Consequence: A developer (or coding agent) landing on the canonical "quickstart" gets zero copy-pasteable code. They are forced to navigate to a client-specific README to learn the most basic shape of a request. For an agent following docs to wire up a first integration, this page is dead weight — it cannot bootstrap a working request. The intro page also tells readers "To get started with turbopuffer, see the quickstart guide," so this is the explicit recommended entry point.
The fix: Put a minimal end-to-end example directly on the page: create a namespace, upsert a vector with an attribute, run a query, and show the JSON request/response for at least curl + one SDK. Keep the client links, but anchor them under a real walkthrough.
2. Auth page ends before the example (critical)
Location: /docs/auth
Problem: The entire auth documentation, as rendered, is two sentences: "All API calls require authenticating with your API key. You can create and expire tokens in the dashboard." and "The HTTP API expects the API key to be formatted as a standard Bearer token and passed in the Authorization header:" — the page ends on a colon. There is no header example, no token prefix shown, no mention of expiration behavior, no explanation of the read-only / read/write / admin permission tiers that other pages reference (the namespaces page says "This endpoint is available to API keys with read-only, read/write, or admin permissions" — but no page defines those scopes).
Consequence: Auth is the single most common point of friction for a first integration.
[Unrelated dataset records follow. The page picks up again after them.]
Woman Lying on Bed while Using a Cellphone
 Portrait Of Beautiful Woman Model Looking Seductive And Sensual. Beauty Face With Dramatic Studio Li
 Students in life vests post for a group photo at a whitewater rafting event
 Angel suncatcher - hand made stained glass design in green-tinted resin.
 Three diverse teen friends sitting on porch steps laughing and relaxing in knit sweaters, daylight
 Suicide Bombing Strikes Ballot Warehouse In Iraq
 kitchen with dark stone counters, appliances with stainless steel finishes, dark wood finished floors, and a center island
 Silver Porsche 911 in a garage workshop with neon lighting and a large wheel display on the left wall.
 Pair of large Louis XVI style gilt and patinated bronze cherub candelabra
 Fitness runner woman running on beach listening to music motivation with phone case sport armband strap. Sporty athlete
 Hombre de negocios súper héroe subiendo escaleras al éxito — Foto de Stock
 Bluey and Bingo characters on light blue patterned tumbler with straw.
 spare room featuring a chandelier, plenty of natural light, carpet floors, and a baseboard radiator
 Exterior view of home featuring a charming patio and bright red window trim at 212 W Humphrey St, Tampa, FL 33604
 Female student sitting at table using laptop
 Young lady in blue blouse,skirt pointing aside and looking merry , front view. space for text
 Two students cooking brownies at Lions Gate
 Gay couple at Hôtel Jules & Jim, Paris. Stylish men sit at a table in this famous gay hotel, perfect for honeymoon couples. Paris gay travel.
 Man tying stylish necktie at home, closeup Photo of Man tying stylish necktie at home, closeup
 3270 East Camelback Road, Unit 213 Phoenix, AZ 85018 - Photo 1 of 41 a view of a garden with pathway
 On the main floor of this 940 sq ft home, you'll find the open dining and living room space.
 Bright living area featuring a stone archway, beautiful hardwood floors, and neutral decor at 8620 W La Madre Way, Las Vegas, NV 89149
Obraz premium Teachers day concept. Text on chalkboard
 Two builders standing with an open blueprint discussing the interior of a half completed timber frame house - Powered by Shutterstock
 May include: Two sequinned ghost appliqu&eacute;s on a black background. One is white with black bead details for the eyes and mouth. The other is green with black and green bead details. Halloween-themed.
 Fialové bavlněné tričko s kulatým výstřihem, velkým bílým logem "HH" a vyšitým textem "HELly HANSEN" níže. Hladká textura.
Developers can't see the header shape without trial-and-error or jumping into a client library. Agents trying to construct a request from docs alone have no anchor for the Authorization header syntax. The permission tiers referenced elsewhere are also unanchored.
The fix: Add an Authorization: Bearer tpuf_... example, document the three permission scopes (read-only, read/write, admin), specify token expiration semantics ("can expire tokens" is mentioned but TTL/rotation behavior isn't), and link the OpenAPI spec from this page rather than burying it.
3. Endpoints split between v1 and v2 with no map (significant)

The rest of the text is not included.